Que faire si j'ai commencé à 35 ans et que je suis à 50 k€ ?
Le retard se rattrape, mais demande un effort élevé sur 15 ans. À 35 ans avec 50 k€ et un objectif de 700 k€ à 50 ans, il faut investir 2 000 €/mois à 5% réel. C'est exigeant : 30 à 40% du net pour un cadre. Alternative : viser un FIRE plus tardif à 53 ou 55 ans, ou basculer sur un Coast FIRE à 50 ans avec un job moins payé mais cool.
Faut-il rembourser son crédit immobilier ou continuer à investir en bourse à 40 ans ?
La règle d'arbitrage : si le taux du crédit est inférieur au rendement réel net attendu en bourse (autour de 5%), on garde le crédit et on investit l'excédent.

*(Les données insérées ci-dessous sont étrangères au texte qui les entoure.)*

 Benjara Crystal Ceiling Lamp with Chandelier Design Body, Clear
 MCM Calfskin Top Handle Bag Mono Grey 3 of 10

Avec un crédit à 1,5% des années 2020-2021, c'est une évidence. Avec un crédit à 4% des prêts 2024-2026, l'arbitrage devient serré : à comparer à votre situation fiscale et votre taux marginal.
Le PEA suffit-il pour viser 800 k€ à 50 ans ?
Oui, dans la majorité des cas. Le plafond PEA est de 150 000 € de versements, mais le capital peut croître sans limite : on peut atteindre 600 à 800 k€ avec 20 ans de capitalisation à 5% réel. Au-delà, on bascule vers l'assurance vie en gestion libre (plafond fiscal à 150 k€ de gains après 8 ans pour un couple) puis CTO pour les besoins de liquidité ponctuels.
Le rendement de 5% réel net est-il atteignable en 2026 ?
C'est un objectif prudent. Sur 1990-2024, le MSCI World a délivré 7,2% réel annualisé en USD, environ 6,5% en EUR. Sur 2000-2025, malgré la bulle internet et 2008, on reste au-dessus de 5,5% réel. Le scénario à 5% intègre une marge de sécurité pour des décennies plus faibles et la fiscalité française (PFU à 30% au-delà du PEA).